The City Hall newspaper squad had desks in this place, but Paul paid no attention to them or to their occupants. He went straight to the wicket and asked for the effects of the dead girl.

It appeared that Burns had told his practical joke broadcast, for the young man heard his name mentioned, and then some one behind him snickered. He paid no attention, however, for the clerk had handed him a small leather bag or purse, together with a morphine-bottle, about the size and shape of an ordinary vaseline-bottle. The bag was cheap and bore no maker’s name or mark. Inside of it was a brooch, a ring, a silver chain, and a slip of paper. Stuck to the bottom of the reticule was a small key. Paul came near overlooking the last-named article, for it was well hidden in a fold near the corner. Now a key to an unknown lock is not much to go on at best, therefore he gave his attention to the paper.
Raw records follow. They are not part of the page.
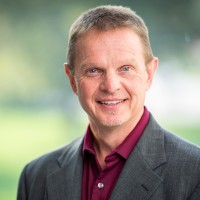 Timothy Rowe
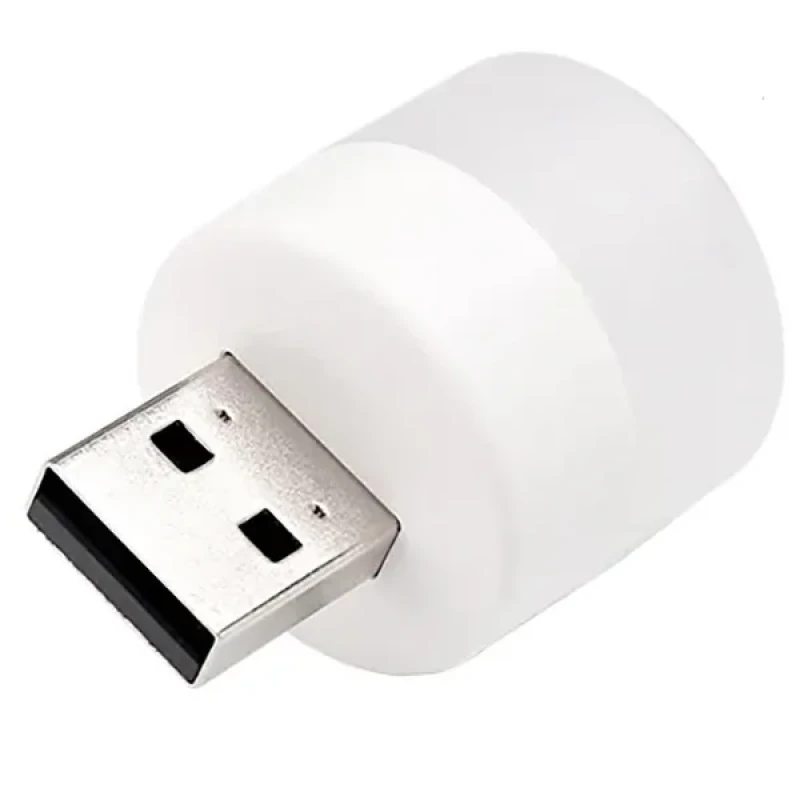 LED چراغ یو اس بی هارمن مدل USB MINI LED
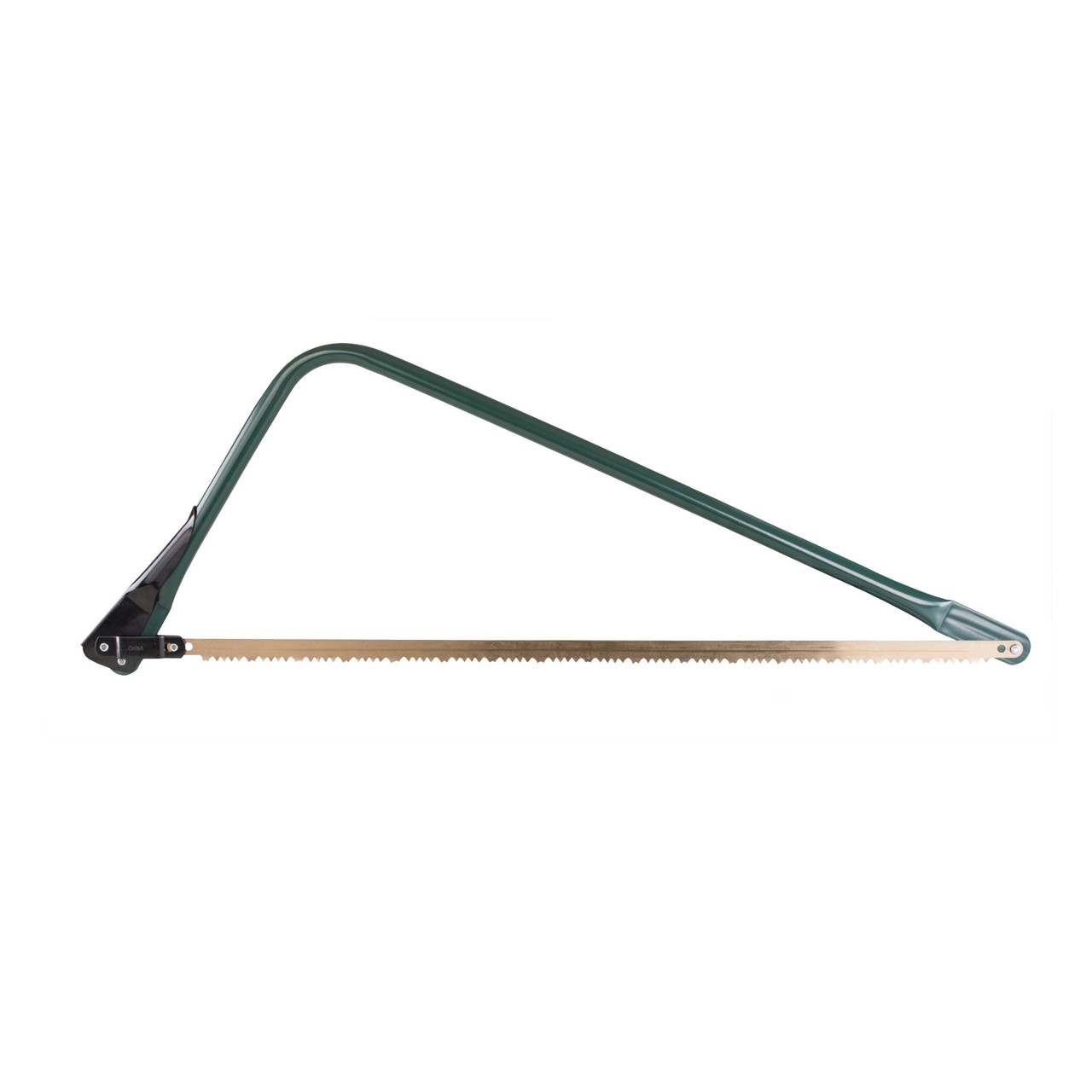 Utility Steel Bow Saws 24-Inch - Stansport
It was evidently a scrap torn from a sheet of wrapping-paper, and bore these figures in pencil:

9.25 6.25 —- 3.00

While he was reading these figures Paul heard a reporter say, loudly, “Now that I have written the paper, who will take it?”

Another answered, “I will.”

“Who are you?” inquired the first voice.

“Hawkshaw, the detective.”

Anderson’s cheeks flushed, but he returned the bag and its contents without comment and walked out, heedless of the laughter of the six reporters. The injustice of their ridicule burnt him like a branding-iron, for his only offense lay in trying the impossible. These fellows had done their best and had failed, yet they jeered at him because he had tackled a forlorn hope. They had taken the trail when it was hot and had lost it; now they railed at him when he took it cold.

All that afternoon he tramped the streets, thinking, thinking, until his brain went stale. The only fresh clues he had discovered thus far were the marks on finger and thumb, the fact that the girl was a Canadian, and that she had possessed but one mitten instead of two. This last, for obvious reasons, was too trivial to mean anything, and yet in so obscure a case it could not be ignored. The fact that she was a Canadian helped but little, therefore the best point upon which to hang a line of reasoning seemed to be those black spots on the left hand. But they stumped Anderson absolutely.

He altered his mental approach to the subject and reflected upon the girl’s belongings. Taken in their entirety they showed nothing save that the girl was poor, therefore he began mentally to assort them, one by one. First, clothes. They were ordinary clothes; they betrayed nothing. Second, the purse. It was like a million other purses and showed no distinguishing mark, no peculiarity. Third, the jewelry. It was cheap and common, of a sort to be found in any store. Fourth, the morphine-bottle. Paul was forced likewise to dismiss consideration of that. There remained nothing but the scrap of paper, torn from the corner of a large sheet and containing these penciled figures:

9.25 6.25 —- 3.00

It was a simple sum in subtraction, a very simple sum indeed; too simple, Anderson reflected, for any one to reduce to figures unless those figures had been intended for a purpose. He recalled the face at the morgue and vowed that such a girl could have done the sum mentally. Then why the paper? Why had she taken pains to tear off a piece of wrapping-paper, jot down figures so easy to remember, and preserve them in her purse? Why, she did so because she was methodical, something answered. But, his alter ego reasoned, if she had been sufficiently methodical to note a trivial transaction so carefully, she would have been sufficiently methodical to use some better, some more methodical method. She would not have torn off a corner of thick wrapping-paper upon which to keep her books. There was but one answer, memorandum!